What is intercultural education? Intercultural education has been around for quite a while in Scandinavian countries, France, Germany and other European Union countries. The Council of Europe has been working on a lot of projects and resources in plurilingual and intercultural education. The term ‘intercultural communication’ and ‘intercultural education’ have emerged in response to global phenomena such as an increasing number of exchange students from one country to another, immigration, trades and global economy. Advancement of technology that enables easier communication among people from different countries or cultural backgrounds has also given a place for intercultural education to enhance.
Intercultural education values different opinions and views and opens to dialogue to mediate differences. Michael Bryam (1997) sets forth the skills, attitudes and knowledge (savoirs) in which intercultural education promotes such as knowledge of self and others, willingness to engage with people from different cultures in an equal relationship, interest in discovering other perspectives and willingness and readiness to suspend beliefs that one culture is better than the other. Furthermore, John Corbett (2003) states that the intercultural curriculum promotes a number of key values: ‘open-mindedness, curiosity, tolerance of difference, and respect for self and others’. Within intercultural education, students explore their own values while at the same time learning the values of others. Intercultural education teaches students to strengthen their own values while at the same time respecting different values of others. Within a properly implemented intercultural curriculum, learning others’ values should not threaten our own systems of belief.
Why do we need intercultural education? Intercultural education will give both internal and external impact. As stated above, schools in Indonesia consist of students from various backgrounds. Students bring along different values and beliefs that they have learned at home to the classroom. Our classrooms reflect a multicultural environment. It also reflects our national motto ‘Bhinneka Tunggal Ika’ (Unity in Diversity). The key values promoted in intercultural education will teach our children to be more tolerant of differences and respect people who come from different cultures. Within this framework, students will shape their ‘intercultural attitudes’, in which they learn to ‘suspend disbelief about other cultures and beliefs about one’s own’. Acquiring these attitudes will prevent our children from assuming that their cultures, religions, beliefs and other systems are better than of others. This is relevant to tackle intolerance in our diverse country.
Secondly, intercultural education will also prepare our children to enter the globalized world without diminishing their core identity. Globalization is inevitable. We are forced to improve our human capital index and global competitiveness while on the other hand we are also demanded to maintain our identity and culture as Indonesians.

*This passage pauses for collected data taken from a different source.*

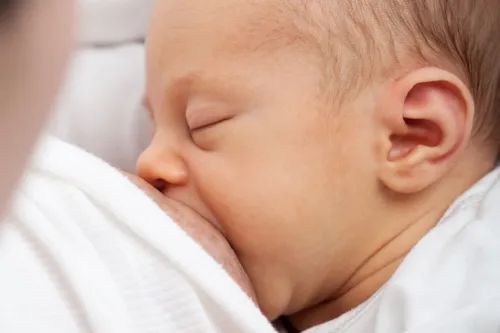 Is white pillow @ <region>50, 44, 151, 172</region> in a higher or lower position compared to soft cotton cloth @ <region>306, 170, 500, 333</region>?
lower

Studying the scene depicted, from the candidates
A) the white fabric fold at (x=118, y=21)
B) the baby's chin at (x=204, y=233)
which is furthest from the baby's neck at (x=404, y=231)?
the white fabric fold at (x=118, y=21)

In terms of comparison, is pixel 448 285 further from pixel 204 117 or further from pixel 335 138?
pixel 204 117

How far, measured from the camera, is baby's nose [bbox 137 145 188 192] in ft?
2.44

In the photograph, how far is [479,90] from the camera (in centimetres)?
73

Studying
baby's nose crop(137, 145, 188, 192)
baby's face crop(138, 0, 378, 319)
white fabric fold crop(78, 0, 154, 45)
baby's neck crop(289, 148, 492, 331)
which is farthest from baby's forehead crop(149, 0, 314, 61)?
white fabric fold crop(78, 0, 154, 45)

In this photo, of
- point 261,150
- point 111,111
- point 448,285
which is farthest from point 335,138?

It is understood that when we come into a new culture, our attitudes and beliefs will naturally change. However, through the intercultural curriculum, students will learn to explore their own culture, beliefs, and attitudes so the new culture they encounter will not subjugate them. Rather, they will be prepared to be ‘intercultural diplomats’ – negotiators between divergent world-views of their own culture and of others.
Lastly, intercultural education is not merely abstract. A number of scholars such as Michael Byram, Genevive Zarate, Angela Scarino, Anthony Liddicoat, John Corbett etc have been working on designing intercultural curriculum and assessment. Considering challenges and dilemmas faced in our education and what intercultural education brings to the table, it is time for education practitioners, policymakers and other stakeholders in the education field in our country to consider a place for intercultural curriculum in our education reform.